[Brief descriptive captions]
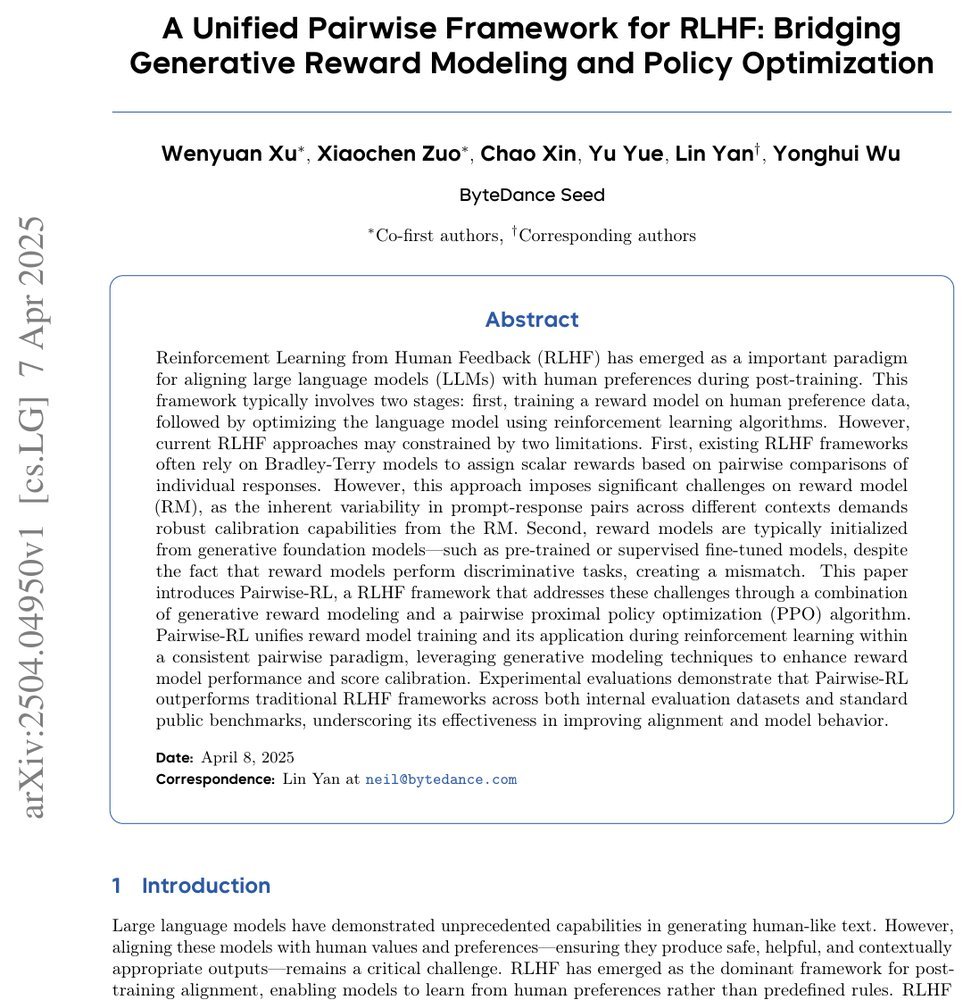 A Unified Pairwise Framework for RLHF: Bridging Generative Reward Modeling and Policy Optimization Figure 1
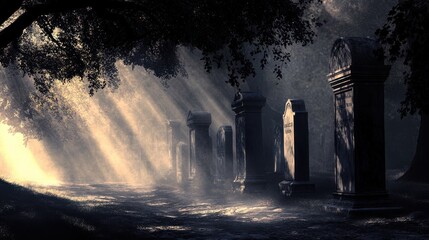 Wall Mural - A foggy graveyard scene with tombstones and eerie lighting casting long shadows
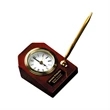 3 5/8" x 4 3/4" Rosewood Piano Finish Desk Clock with Pen
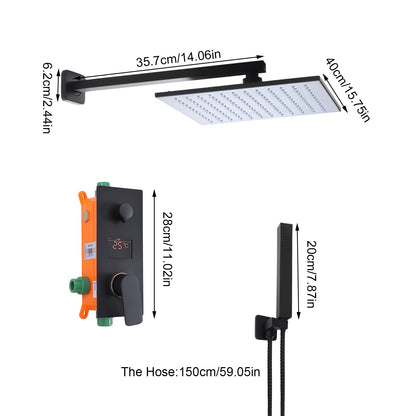 Douche - Regendouche - Douchewand - Douchekolom - Douchepanelen - Moderne Inbouw LED Regendouche Set - 12 Inch - Matzwarte Douchekraan met Luchtinjectie - Slimme Temperatuurregeling & Handdouche - Zwart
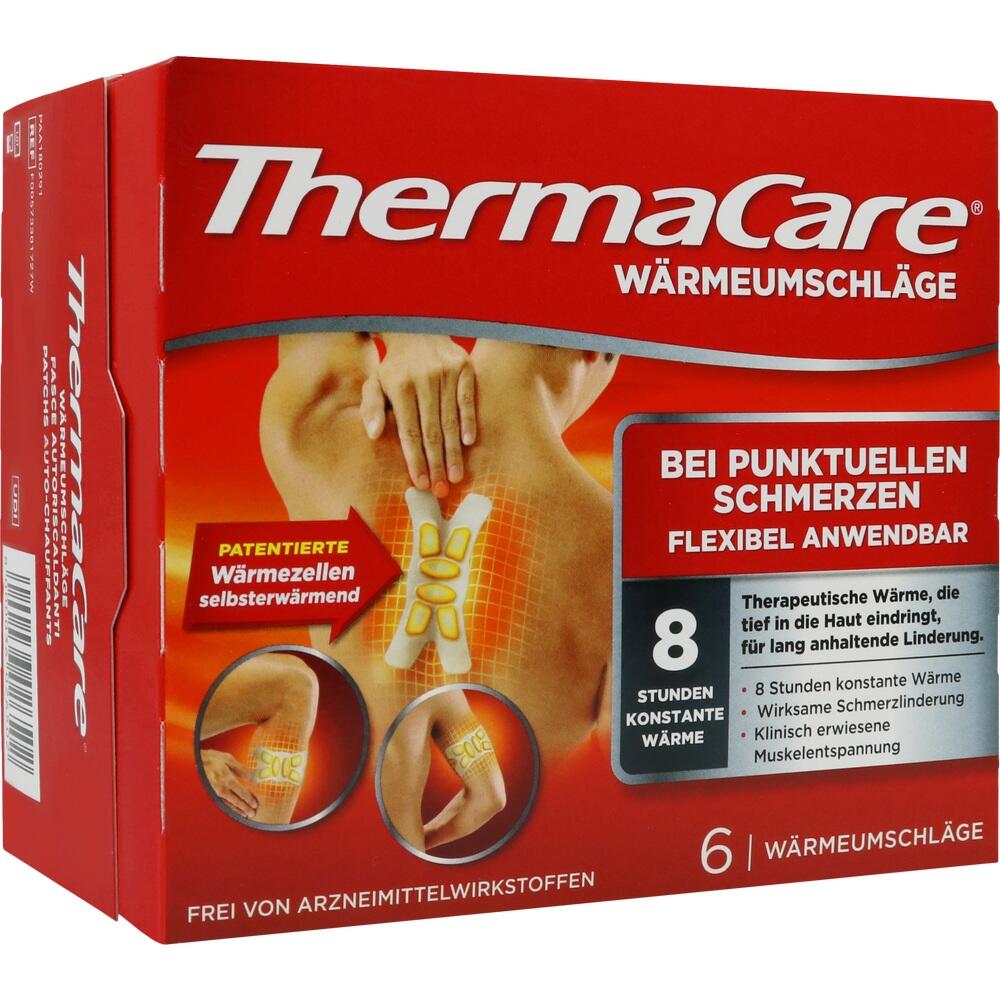 Rote ThermaCare Verpackung f&uuml;r selbstw&auml;rmende Schmerzauflagen bei punktuellen Beschwerden.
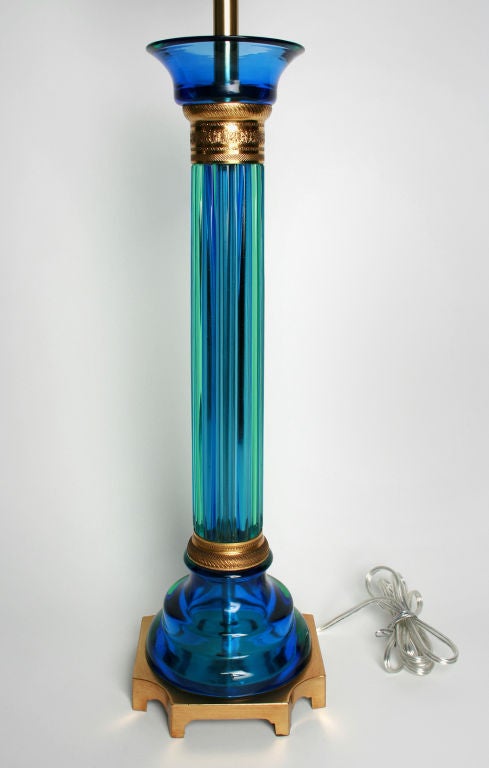 Marbro Blue Green Murano Glass Lamps 3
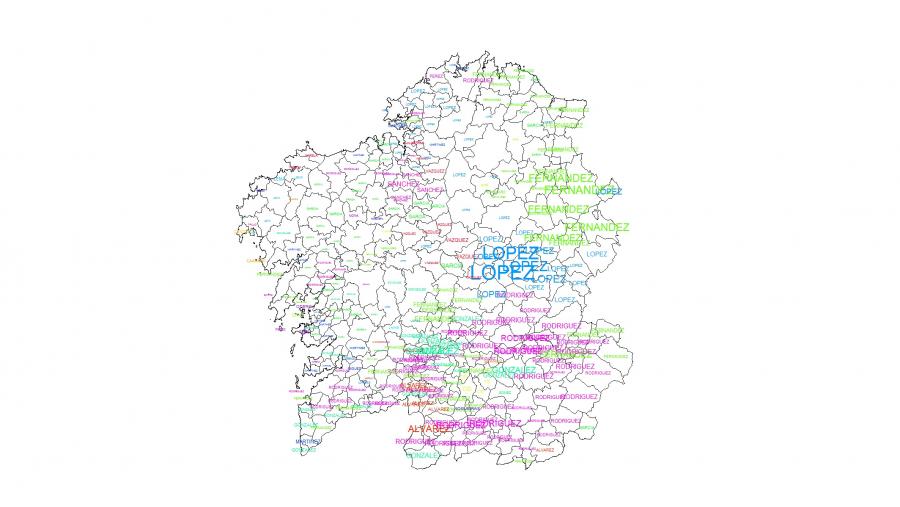Distribución dos apelidos máis frecuentes en Galicia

-- Assignment --
The output must match, line for line, the span from the line containing "Rote ThermaCare Verpackung" through the end of the data, with the pictures removed.

-- Reply --
 Rote ThermaCare Verpackung f&uuml;r selbstw&auml;rmende Schmerzauflagen bei punktuellen Beschwerden.
 Marbro Blue Green Murano Glass Lamps 3
Distribución dos apelidos máis frecuentes en Galicia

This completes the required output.